■ Your instructions
Pictures are to be left out; everything else in the records must be repeated exactly.

-------------------------

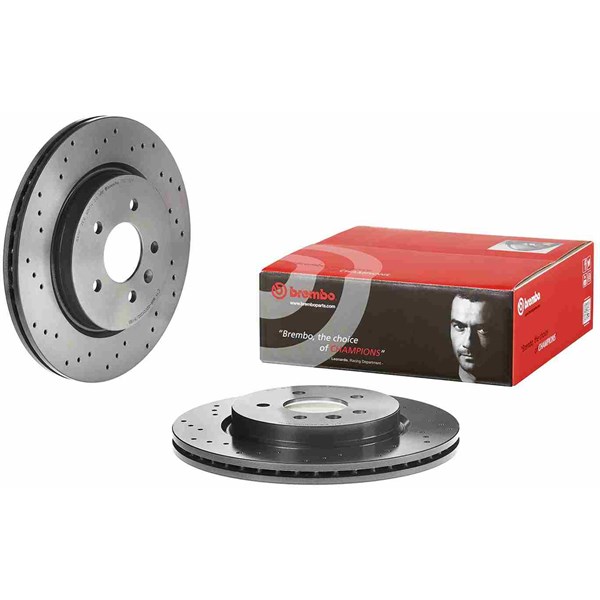 Bromsskiva Hålad/ventilerad, Bakaxel Brembo 09.C711.21 BREMBO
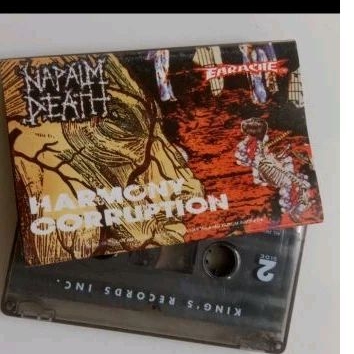 Kaset Pita Napalm Death - Harmony Corruption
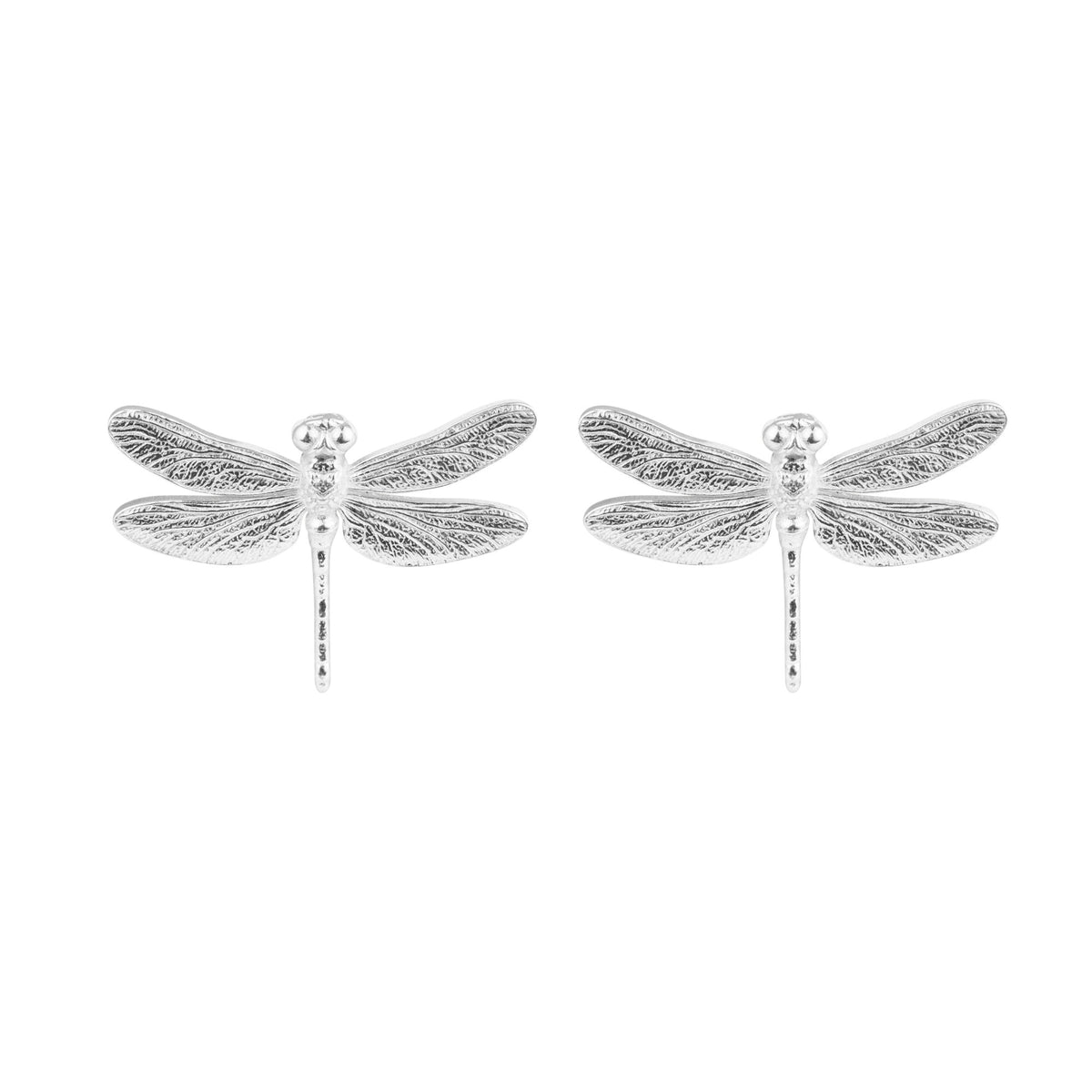 Dragonfly Silver Earring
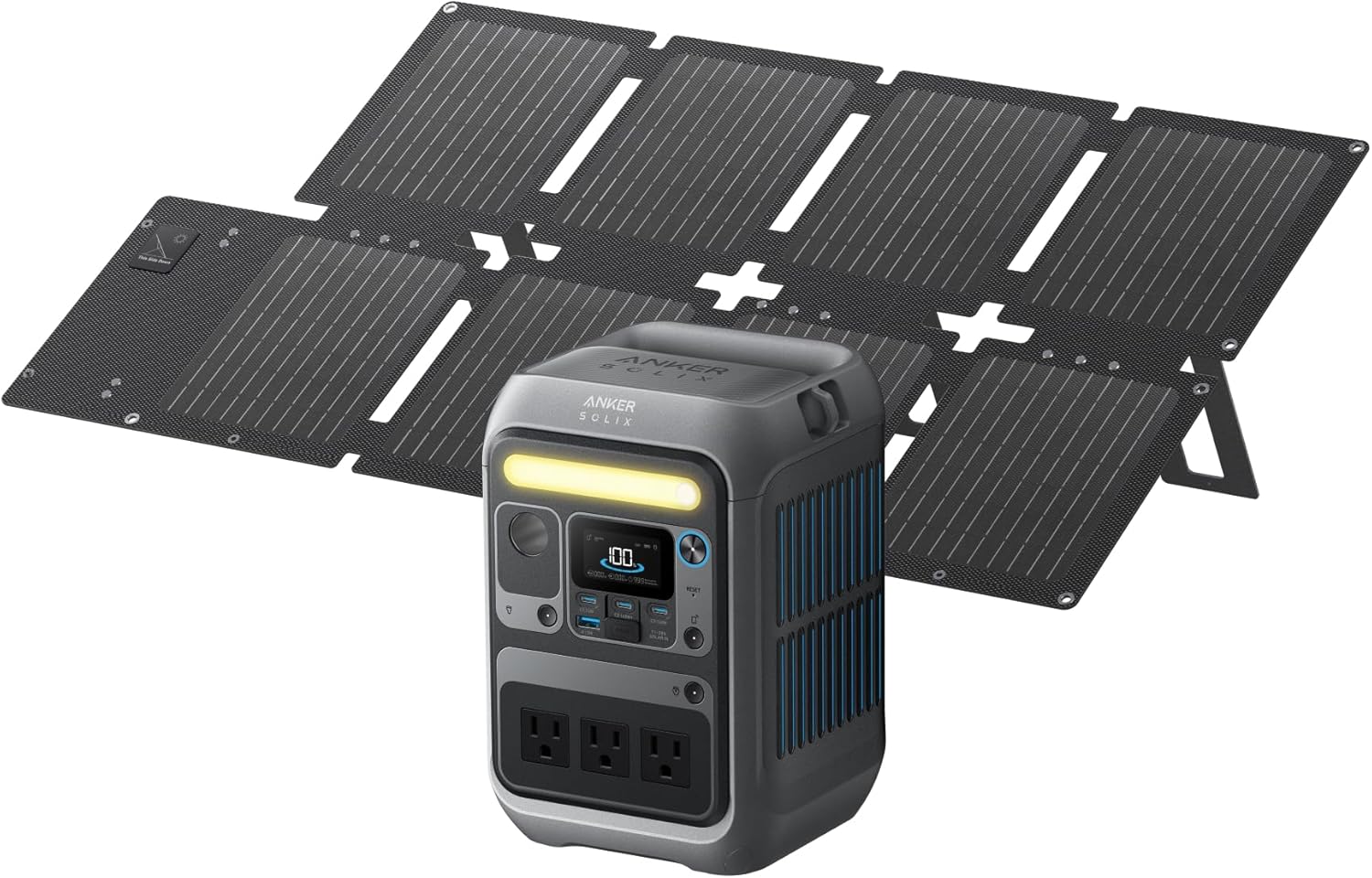d5e661d5fafeb9f77ea4f671fb1daaf7feb61ad382b444ec59b3b708c8476b3c-1 Anker Solar Generator SOLIX C300 with 60W Solar Panel, 288Wh Portable Power Station, 300W (600W Surge), LiFePO4 Battery, 140W Two-Way Fast...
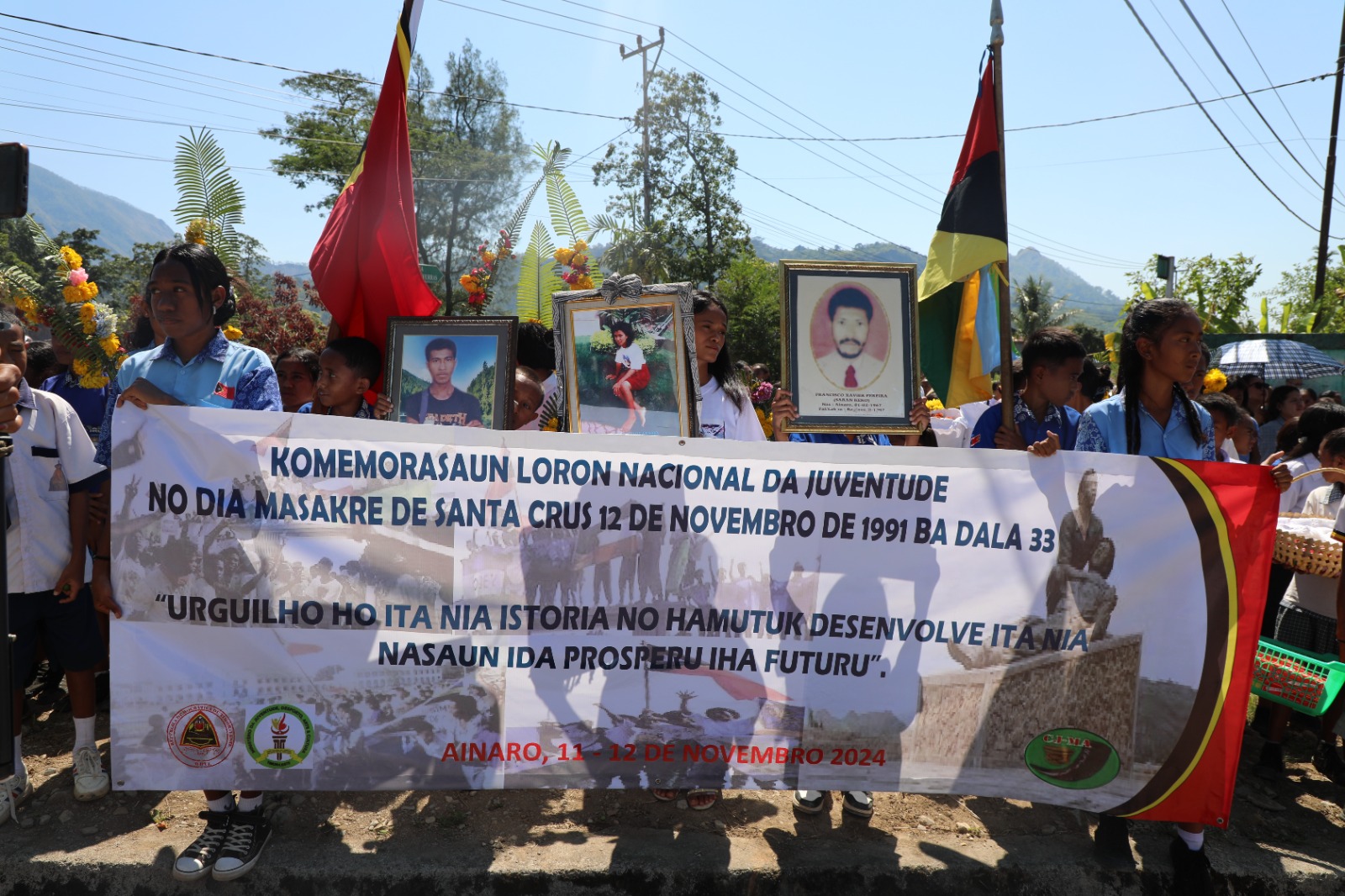 SEKRETARIU ESTADU ESJ-ESTV KOMEMORA LORON MASAKRE SANTA KRUZ NO SELEBRASAUN LORON NASIONÁL JUVENTUDE IHA AINARO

-------------------------

■ Task response
 Bromsskiva Hålad/ventilerad, Bakaxel Brembo 09.C711.21 BREMBO
 Kaset Pita Napalm Death - Harmony Corruption
 Dragonfly Silver Earring
d5e661d5fafeb9f77ea4f671fb1daaf7feb61ad382b444ec59b3b708c8476b3c-1 Anker Solar Generator SOLIX C300 with 60W Solar Panel, 288Wh Portable Power Station, 300W (600W Surge), LiFePO4 Battery, 140W Two-Way Fast...
 SEKRETARIU ESTADU ESJ-ESTV KOMEMORA LORON MASAKRE SANTA KRUZ NO SELEBRASAUN LORON NASIONÁL JUVENTUDE IHA AINARO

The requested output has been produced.